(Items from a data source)
_ _ _ _

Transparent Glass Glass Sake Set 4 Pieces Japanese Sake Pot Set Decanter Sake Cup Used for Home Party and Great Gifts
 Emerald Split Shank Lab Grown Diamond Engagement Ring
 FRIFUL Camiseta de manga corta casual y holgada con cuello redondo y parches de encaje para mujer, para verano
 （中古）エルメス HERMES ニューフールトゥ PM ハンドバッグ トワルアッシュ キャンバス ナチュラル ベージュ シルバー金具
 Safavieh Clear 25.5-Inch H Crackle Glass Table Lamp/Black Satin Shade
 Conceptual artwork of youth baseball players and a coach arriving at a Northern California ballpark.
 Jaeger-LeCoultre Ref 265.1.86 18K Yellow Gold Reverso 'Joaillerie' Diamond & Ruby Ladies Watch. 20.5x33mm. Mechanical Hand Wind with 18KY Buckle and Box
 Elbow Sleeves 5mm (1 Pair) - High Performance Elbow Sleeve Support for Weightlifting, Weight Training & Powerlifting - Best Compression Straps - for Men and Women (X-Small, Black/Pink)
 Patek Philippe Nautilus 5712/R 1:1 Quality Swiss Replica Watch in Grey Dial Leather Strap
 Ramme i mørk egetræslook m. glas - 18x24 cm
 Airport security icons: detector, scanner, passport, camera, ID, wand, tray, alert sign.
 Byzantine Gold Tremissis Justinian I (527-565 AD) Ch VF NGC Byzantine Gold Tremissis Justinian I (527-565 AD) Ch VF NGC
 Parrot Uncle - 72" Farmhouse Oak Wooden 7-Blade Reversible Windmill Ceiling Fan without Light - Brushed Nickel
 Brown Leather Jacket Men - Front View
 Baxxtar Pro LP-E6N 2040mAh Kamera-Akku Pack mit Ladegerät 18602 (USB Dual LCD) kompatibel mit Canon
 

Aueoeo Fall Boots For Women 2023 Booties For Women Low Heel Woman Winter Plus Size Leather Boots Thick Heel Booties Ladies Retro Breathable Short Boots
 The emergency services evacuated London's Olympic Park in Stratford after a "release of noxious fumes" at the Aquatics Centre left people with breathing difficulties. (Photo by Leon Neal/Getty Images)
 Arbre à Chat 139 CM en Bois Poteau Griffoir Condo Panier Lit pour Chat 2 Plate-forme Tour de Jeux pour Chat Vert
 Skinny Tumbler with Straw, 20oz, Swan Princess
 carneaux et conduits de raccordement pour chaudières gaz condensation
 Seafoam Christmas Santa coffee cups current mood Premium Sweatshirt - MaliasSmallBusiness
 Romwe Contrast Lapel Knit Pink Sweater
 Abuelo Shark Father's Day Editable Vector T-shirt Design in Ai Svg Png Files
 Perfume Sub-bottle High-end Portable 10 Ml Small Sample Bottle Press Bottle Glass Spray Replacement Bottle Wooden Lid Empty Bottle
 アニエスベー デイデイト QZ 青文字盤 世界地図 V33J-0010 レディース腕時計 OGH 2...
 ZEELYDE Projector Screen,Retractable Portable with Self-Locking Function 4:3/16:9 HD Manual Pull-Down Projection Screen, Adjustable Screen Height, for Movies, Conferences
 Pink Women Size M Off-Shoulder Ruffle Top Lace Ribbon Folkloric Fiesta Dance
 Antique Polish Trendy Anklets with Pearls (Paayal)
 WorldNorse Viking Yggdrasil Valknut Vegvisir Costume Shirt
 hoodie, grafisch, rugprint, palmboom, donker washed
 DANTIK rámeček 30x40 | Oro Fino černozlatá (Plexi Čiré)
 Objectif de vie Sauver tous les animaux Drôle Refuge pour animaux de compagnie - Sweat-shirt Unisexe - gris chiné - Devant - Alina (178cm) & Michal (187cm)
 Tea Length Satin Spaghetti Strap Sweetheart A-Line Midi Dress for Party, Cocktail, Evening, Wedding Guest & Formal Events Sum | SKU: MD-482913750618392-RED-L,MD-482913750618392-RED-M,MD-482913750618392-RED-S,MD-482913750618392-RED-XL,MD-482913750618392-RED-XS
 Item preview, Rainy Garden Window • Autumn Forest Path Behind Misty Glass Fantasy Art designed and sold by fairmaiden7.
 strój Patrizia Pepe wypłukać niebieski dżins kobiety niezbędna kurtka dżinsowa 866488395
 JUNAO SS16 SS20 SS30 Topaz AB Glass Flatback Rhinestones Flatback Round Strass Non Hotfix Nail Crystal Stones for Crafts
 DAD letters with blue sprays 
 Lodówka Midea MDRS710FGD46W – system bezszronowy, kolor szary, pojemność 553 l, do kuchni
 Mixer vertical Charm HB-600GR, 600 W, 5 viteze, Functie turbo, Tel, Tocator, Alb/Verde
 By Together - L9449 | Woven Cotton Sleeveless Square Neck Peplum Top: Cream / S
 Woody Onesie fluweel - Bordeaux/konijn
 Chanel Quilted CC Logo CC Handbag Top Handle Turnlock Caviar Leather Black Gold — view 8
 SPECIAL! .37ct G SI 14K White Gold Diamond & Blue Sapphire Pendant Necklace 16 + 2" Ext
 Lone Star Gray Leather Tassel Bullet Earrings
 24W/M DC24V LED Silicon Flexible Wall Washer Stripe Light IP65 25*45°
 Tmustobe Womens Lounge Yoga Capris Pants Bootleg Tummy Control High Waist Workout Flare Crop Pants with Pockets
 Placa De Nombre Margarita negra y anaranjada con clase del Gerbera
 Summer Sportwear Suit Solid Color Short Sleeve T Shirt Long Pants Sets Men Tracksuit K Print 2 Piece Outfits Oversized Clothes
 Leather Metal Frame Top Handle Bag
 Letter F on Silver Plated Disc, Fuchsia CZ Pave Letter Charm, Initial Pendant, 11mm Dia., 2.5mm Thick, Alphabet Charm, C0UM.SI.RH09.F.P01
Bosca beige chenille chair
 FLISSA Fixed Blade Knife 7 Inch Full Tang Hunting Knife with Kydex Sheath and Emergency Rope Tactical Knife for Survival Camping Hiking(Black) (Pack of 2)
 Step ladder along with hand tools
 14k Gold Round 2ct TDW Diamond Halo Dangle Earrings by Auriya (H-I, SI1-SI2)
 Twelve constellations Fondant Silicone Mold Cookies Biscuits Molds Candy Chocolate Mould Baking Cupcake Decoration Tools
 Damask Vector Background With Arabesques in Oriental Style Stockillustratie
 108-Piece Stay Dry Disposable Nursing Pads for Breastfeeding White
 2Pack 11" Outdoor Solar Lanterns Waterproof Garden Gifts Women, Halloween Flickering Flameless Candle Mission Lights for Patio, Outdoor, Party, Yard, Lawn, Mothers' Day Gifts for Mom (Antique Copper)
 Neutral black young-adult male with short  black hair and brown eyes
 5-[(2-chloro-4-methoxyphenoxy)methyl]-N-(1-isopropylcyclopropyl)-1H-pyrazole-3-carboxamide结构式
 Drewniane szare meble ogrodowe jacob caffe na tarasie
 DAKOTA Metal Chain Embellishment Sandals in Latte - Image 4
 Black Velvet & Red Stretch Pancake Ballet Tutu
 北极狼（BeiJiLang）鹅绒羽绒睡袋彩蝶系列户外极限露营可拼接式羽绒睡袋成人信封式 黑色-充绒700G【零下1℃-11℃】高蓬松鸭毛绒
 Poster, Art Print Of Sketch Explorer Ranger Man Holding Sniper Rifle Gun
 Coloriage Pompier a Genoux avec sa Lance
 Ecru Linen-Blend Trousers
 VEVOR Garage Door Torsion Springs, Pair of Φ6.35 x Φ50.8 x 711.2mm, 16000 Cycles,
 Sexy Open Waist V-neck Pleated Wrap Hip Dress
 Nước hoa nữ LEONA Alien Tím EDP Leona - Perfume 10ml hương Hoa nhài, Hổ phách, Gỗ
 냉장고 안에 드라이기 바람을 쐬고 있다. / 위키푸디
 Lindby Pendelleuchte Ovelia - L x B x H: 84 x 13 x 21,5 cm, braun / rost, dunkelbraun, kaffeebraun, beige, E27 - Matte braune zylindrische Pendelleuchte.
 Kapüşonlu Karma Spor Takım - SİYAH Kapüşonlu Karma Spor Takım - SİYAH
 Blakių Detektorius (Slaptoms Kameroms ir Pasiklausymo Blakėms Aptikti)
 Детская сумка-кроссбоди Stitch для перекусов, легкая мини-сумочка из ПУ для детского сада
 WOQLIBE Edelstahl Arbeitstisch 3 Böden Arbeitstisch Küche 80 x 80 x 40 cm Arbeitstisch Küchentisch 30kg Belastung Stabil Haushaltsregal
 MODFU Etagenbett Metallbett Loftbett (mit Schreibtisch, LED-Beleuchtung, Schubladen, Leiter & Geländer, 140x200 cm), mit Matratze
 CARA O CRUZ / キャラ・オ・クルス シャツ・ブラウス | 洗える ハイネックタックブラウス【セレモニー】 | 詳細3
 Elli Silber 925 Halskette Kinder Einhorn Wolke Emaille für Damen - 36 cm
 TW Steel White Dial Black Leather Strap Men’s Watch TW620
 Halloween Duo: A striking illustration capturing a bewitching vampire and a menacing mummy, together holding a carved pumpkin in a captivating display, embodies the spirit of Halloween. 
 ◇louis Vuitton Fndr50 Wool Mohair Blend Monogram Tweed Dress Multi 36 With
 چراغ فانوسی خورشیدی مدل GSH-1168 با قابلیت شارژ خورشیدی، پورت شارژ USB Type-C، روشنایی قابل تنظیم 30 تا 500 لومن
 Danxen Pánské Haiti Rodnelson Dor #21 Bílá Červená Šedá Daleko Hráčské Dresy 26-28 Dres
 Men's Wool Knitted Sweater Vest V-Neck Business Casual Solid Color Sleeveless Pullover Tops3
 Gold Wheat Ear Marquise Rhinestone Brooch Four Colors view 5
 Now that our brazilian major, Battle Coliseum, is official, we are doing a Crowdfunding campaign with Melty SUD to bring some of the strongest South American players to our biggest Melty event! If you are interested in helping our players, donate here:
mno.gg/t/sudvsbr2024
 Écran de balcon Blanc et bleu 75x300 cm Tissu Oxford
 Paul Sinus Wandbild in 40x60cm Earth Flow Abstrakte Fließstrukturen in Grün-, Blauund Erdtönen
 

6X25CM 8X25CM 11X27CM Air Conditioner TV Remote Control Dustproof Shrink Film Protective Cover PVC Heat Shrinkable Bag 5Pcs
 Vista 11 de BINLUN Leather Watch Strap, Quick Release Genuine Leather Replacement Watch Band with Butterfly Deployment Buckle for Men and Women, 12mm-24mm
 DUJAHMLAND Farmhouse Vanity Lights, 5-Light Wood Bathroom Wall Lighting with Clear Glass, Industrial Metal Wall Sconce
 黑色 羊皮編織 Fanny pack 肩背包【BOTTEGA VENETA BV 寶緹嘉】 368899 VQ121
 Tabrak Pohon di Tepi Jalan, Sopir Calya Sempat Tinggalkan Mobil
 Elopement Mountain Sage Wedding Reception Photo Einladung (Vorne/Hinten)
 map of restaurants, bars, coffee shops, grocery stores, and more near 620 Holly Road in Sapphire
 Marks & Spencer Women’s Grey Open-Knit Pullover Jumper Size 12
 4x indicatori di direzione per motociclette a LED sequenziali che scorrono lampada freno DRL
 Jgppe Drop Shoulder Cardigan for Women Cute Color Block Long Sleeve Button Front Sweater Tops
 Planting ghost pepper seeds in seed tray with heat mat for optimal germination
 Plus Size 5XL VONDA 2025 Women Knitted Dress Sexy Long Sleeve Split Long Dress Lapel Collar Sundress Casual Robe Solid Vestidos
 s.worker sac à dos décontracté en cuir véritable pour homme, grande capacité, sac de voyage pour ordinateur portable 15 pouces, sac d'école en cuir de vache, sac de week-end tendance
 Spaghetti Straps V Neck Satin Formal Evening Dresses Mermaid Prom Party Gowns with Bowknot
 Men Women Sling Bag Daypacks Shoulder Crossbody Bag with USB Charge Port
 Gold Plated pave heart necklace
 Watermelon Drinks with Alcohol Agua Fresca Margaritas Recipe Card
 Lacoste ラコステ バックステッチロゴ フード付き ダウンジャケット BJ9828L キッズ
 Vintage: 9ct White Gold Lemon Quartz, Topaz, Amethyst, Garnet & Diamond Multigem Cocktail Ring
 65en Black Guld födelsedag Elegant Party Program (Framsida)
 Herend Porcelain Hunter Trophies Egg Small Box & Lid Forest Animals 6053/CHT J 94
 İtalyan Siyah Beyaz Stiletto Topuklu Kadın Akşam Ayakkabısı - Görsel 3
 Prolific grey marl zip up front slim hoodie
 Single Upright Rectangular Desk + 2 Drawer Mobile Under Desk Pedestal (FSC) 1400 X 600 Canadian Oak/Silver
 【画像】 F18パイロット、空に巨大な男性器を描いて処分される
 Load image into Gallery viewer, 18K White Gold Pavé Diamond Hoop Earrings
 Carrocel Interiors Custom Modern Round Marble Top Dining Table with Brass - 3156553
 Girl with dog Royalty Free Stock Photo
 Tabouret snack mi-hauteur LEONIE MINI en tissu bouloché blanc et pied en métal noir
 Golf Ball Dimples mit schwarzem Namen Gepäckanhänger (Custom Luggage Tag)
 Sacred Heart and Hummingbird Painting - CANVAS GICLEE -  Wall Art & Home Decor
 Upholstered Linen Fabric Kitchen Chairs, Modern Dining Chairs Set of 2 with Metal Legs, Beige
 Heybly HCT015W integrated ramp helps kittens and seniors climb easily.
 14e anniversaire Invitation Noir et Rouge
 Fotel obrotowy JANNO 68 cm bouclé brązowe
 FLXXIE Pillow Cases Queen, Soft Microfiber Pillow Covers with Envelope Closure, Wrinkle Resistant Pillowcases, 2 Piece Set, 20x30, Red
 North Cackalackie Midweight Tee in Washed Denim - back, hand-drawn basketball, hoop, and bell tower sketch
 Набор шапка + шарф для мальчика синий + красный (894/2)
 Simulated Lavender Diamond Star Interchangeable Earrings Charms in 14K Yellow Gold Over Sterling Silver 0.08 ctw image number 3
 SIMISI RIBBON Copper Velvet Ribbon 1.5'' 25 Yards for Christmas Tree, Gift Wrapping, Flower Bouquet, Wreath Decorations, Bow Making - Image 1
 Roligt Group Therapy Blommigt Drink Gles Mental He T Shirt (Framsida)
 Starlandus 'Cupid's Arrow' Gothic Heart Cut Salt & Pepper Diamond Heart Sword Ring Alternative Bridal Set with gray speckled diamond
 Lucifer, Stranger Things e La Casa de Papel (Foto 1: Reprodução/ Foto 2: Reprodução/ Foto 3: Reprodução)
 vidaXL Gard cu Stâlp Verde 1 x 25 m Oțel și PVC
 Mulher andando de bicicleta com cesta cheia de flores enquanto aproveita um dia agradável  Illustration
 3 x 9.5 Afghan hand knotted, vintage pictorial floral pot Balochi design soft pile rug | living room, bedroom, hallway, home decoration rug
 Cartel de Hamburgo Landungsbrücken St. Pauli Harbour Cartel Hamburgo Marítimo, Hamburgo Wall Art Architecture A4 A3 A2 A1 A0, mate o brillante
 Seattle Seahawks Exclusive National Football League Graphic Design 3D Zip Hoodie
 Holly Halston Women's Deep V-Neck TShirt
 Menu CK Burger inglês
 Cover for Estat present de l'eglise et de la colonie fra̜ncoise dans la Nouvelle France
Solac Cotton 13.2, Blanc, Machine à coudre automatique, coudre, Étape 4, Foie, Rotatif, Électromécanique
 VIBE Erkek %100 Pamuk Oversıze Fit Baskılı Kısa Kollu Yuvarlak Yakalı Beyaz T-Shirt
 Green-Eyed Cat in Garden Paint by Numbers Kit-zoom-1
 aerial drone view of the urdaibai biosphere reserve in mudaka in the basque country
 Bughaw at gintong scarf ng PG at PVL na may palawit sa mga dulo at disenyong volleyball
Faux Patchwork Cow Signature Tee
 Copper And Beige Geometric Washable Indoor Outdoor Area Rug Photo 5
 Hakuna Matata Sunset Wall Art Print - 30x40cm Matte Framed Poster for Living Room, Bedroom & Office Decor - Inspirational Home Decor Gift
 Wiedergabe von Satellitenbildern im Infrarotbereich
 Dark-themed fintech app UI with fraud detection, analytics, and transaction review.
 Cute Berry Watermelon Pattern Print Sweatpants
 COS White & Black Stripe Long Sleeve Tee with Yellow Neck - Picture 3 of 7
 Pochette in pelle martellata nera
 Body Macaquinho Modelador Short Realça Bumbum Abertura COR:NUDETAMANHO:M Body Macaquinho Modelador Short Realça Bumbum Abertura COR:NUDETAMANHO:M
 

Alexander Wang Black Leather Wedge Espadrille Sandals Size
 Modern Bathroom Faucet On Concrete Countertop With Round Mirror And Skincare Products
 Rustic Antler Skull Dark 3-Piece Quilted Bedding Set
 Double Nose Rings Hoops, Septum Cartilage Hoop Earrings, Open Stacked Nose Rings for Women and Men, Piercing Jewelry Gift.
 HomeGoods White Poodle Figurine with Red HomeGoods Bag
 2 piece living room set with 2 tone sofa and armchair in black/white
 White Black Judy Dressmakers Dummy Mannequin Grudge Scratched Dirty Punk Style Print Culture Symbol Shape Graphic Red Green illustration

_ _ _ _

Transcribe each line of the data above, unaltered, from the one where "ナチュラル ベージュ シルバー金具" appears to the one where "Jaeger-LeCoultre Ref 265.1.86" appears, inclusive of both.

 （中古）エルメス HERMES ニューフールトゥ PM ハンドバッグ トワルアッシュ キャンバス ナチュラル ベージュ シルバー金具
 Safavieh Clear 25.5-Inch H Crackle Glass Table Lamp/Black Satin Shade
 Conceptual artwork of youth baseball players and a coach arriving at a Northern California ballpark.
 Jaeger-LeCoultre Ref 265.1.86 18K Yellow Gold Reverso 'Joaillerie' Diamond & Ruby Ladies Watch. 20.5x33mm. Mechanical Hand Wind with 18KY Buckle and Box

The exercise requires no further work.